Assignment
Return the data exactly, without pictures.

Dataset section
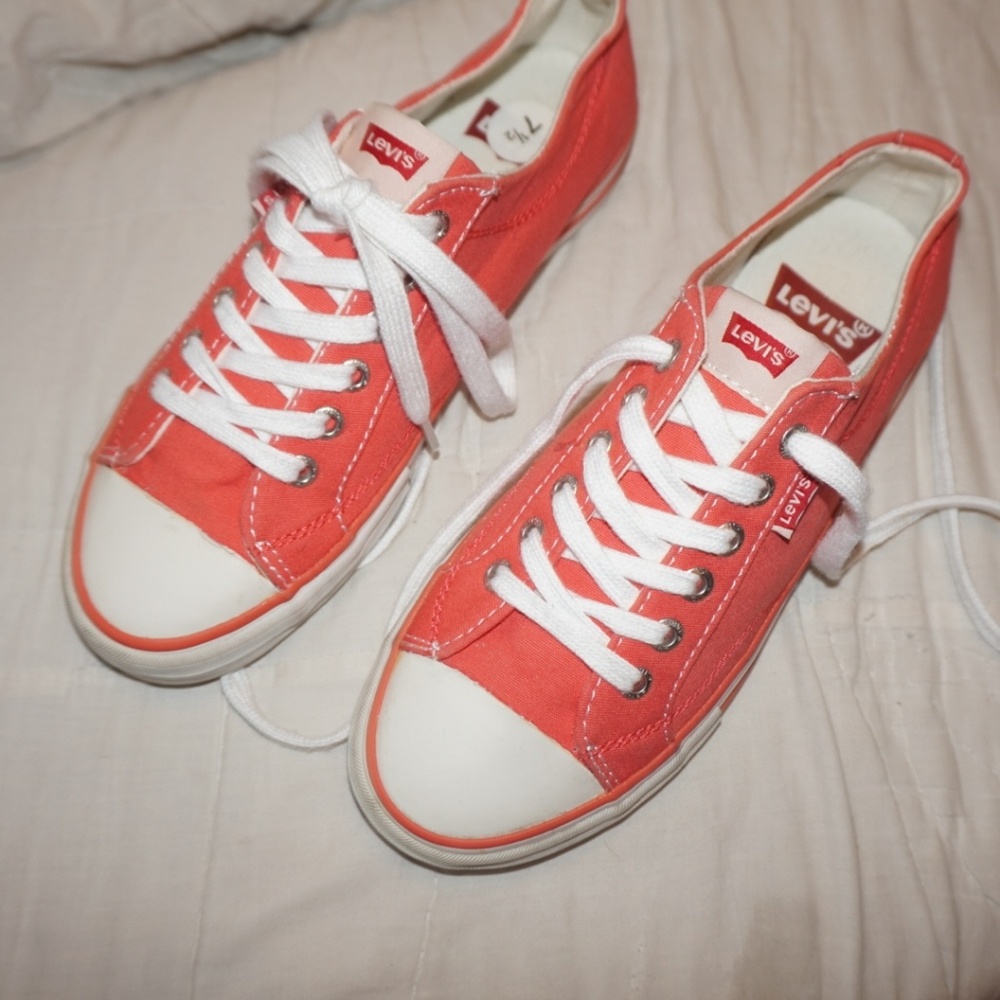 Coral levis shoes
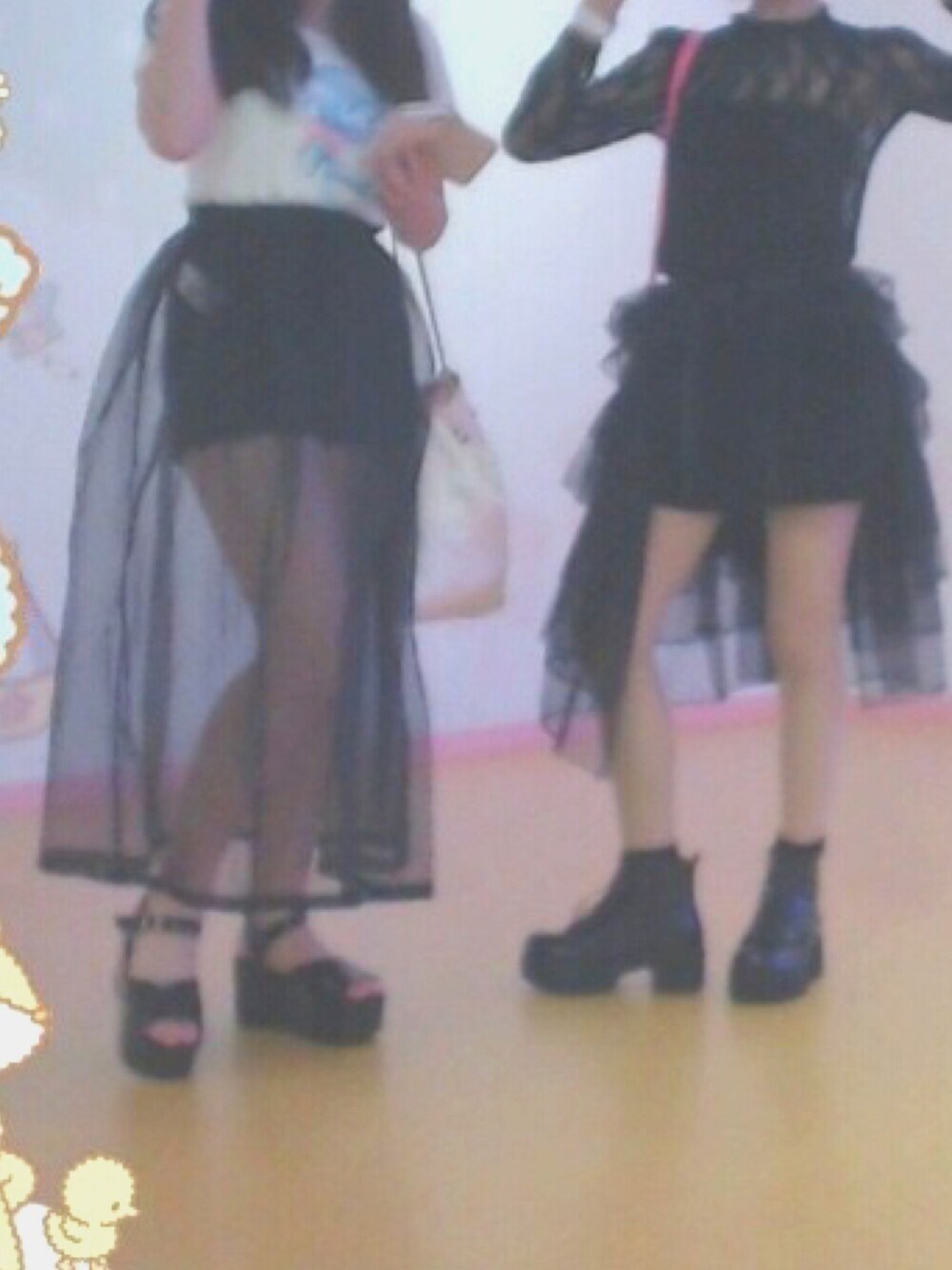 「Ehyphen world gallery bon bon、Honey Cinnamon、katie、WEGO、かわいい、ピューロランド、black、fashion、ootd」｜「E hyphen world gallery Bon Bonのオｰガンジｰスカｰト（スカート、ブラック系）」を使った、✝まややん✝さん（レディース・155cm）の夏コーディネートの1枚目の写真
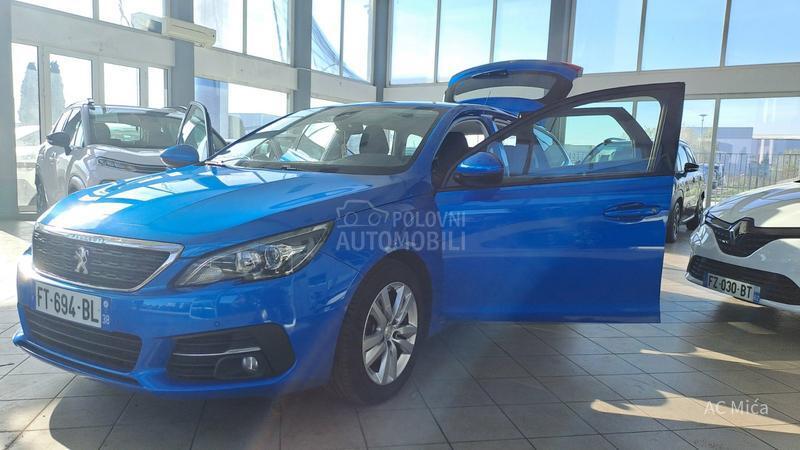 Peugeot 308 1.5 BLU NAV LED ALU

Output
 Coral levis shoes
 「Ehyphen world gallery bon bon、Honey Cinnamon、katie、WEGO、かわいい、ピューロランド、black、fashion、ootd」｜「E hyphen world gallery Bon Bonのオｰガンジｰスカｰト（スカート、ブラック系）」を使った、✝まややん✝さん（レディース・155cm）の夏コーディネートの1枚目の写真
 Peugeot 308 1.5 BLU NAV LED ALU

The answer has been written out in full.